Start of Dataset excerpts

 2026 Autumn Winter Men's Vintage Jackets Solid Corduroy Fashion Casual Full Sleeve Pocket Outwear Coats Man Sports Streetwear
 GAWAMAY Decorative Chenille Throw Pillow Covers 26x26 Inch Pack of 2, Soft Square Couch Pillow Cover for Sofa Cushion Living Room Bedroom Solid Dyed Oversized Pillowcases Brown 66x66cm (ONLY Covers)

End of Dataset excerpts
Start of Dataset excerpts

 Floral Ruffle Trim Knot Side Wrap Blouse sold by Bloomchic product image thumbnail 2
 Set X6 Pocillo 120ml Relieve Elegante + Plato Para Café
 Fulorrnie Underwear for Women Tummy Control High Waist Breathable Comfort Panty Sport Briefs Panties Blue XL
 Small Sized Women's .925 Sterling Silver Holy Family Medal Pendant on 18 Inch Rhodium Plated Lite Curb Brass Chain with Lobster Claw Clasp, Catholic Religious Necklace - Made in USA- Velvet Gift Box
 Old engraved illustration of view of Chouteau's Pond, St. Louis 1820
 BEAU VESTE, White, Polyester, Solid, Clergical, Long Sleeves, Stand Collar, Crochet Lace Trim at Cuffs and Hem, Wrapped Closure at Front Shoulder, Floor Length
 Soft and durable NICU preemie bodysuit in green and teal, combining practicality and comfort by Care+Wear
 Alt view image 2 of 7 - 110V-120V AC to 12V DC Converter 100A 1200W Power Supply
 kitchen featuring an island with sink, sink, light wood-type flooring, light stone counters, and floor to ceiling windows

End of Dataset excerpts

## Task to carry out:
Which lines above run from the one containing "2026 Autumn Winter" down to the one containing "GAWAMAY Decorative Chenille"? Repeat exactly those, both ends included, and nothing else.

## Exercise output:
 2026 Autumn Winter Men's Vintage Jackets Solid Corduroy Fashion Casual Full Sleeve Pocket Outwear Coats Man Sports Streetwear
 GAWAMAY Decorative Chenille Throw Pillow Covers 26x26 Inch Pack of 2, Soft Square Couch Pillow Cover for Sofa Cushion Living Room Bedroom Solid Dyed Oversized Pillowcases Brown 66x66cm (ONLY Covers)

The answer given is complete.